Testing Services
When to Use This Skill
Activate this skill when:
- •Writing unit tests for service classes
- •Need to improve test coverage for services
- •Unclear what to mock vs what to test directly
- •Writing integration tests that test service interactions
Quick Start
Running Tests Locally
# Run all unit tests pytest tests/unit/ -v # Run all integration tests pytest tests/integration/ -v # Run both unit and integration tests pytest tests/unit/ tests/integration/ -v # Run with coverage report pytest tests/unit/ tests/integration/ --cov=src --cov-report=term-missing --cov-report=html # Run tests for a specific module pytest tests/unit/services/test_entity_service.py -v # Run a specific test pytest tests/unit/services/test_entity_service.py::TestEntityService::test_create_entity_success -v
Understanding Test Results
# View coverage in terminal pytest tests/ --cov=src --cov-report=term-missing # View detailed HTML coverage report (opens in browser) pytest tests/ --cov=src --cov-report=html open htmlcov/index.html # macOS xdg-open htmlcov/index.html # Linux
Quick Reference
AAA Pattern
def test_service_operation():
# Arrange: Set up dependencies and test data
mock_dependency = Mock(spec=Dependency)
mock_dependency.method.return_value = "expected"
service = ServiceClass(mock_dependency)
# Act: Execute the operation under test
result = service.operation(param="value")
# Assert: Verify behavior and outcomes
assert result == "expected_outcome"
mock_dependency.method.assert_called_once_with("value")
Running Tests
pytest tests/ -v # Run all tests pytest tests/unit/test_service.py -v # Run specific file pytest tests/ --cov=src --cov-report=term-missing # With coverage pytest tests/ -k "test_create" -v # Pattern matching
Coverage Guidelines
- •Aim for 85%+ overall coverage
- •Focus on testing behavior, not hitting targets
- •Missing coverage acceptable for edge cases or trivial code
Test Isolation and Independence
Every test should be completely independent.
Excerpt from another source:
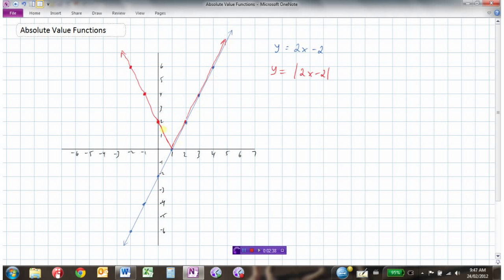No matter what your function is, all of the y values that used to be positive will stay the same — notice how this part of the graph stayed the same. But these negative y values, all the stuff below the x-axis, they get flipped up into the positive y values. It's like this line is reflected in the x-axis and brought up here.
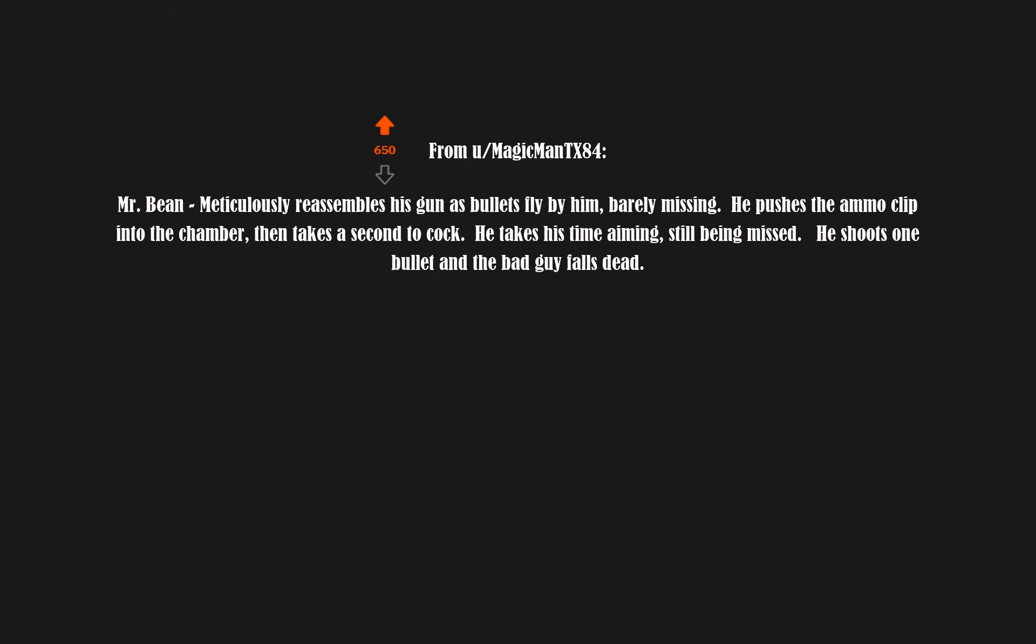Mr. Bean. Meticulously reassembles his gun as bullets fly by him, barely missing. He pushes the ammo clip into the chamber, then takes a second to cock. He takes his time aiming, still being missed. He shoots one bullet and the bad guy falls dead.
Tests must not:
- •Rely on execution order
- •Share mutable state
- •Depend on previous test results
- •Affect other tests when run in parallel
Example
# ✅ GOOD - Each test is self-contained
class TestTaskManagement:
def test_find_first_task(self, tmp_path):
"""Should find the first unchecked task"""
# Arrange - Create fresh test data for this test only
spec_file = tmp_path / "spec.md"
spec_file.write_text("""
- [ ] Task 1
- [ ] Task 2
""")
# Act
result = find_next_available_task(str(spec_file))
# Assert
assert result == (1, "Task 1")
# ❌ BAD - Tests depend on shared state
shared_state = {"count": 0}
def test_increment():
shared_state["count"] += 1
assert shared_state["count"] == 1 # Breaks if tests run out of order
Mock at Boundaries Rule
The Golden Rule: Mock external systems only, never internal logic.
What to Mock ✅
External systems and infrastructure:
- •HTTP API clients, database connections, repositories
- •File system operations, subprocess calls
- •External service clients (email, payment, etc.)
Service dependencies:
- •Other services injected via constructor (enables isolation testing)
What NOT to Mock ❌
Internal logic:
- •Domain models and dataclasses (see domain-modeling skill for understanding what domain models are)
- •Pure functions, helper methods, static methods
- •Business logic calculations
- •Exceptions and error classes
Standard library basics:
- •datetime (use fixed times), string/list/dict operations
Decision Guide
Ask: "Is this an external dependency or internal logic?"
- •External dependency → Mock it
- •Internal logic → Test it directly
Service Test Templates
Testing a Core Service
from unittest.mock import Mock
import pytest
from src.services.entity_service import EntityService
from src.domain.entity import Entity
from src.domain.exceptions import ValidationError
class TestEntityService:
"""Tests for EntityService."""
def test_create_entity_success(self):
# Arrange: Mock external dependencies
mock_repository = Mock()
mock_validator = Mock()
mock_validator.is_valid.return_value = True
service = EntityService(mock_repository, mock_validator)
# Act
result = service.create_entity(name="Test Entity", value=42)
# Assert: Verify behavior
assert result.name == "Test Entity"
assert result.value == 42
mock_validator.is_valid.assert_called_once()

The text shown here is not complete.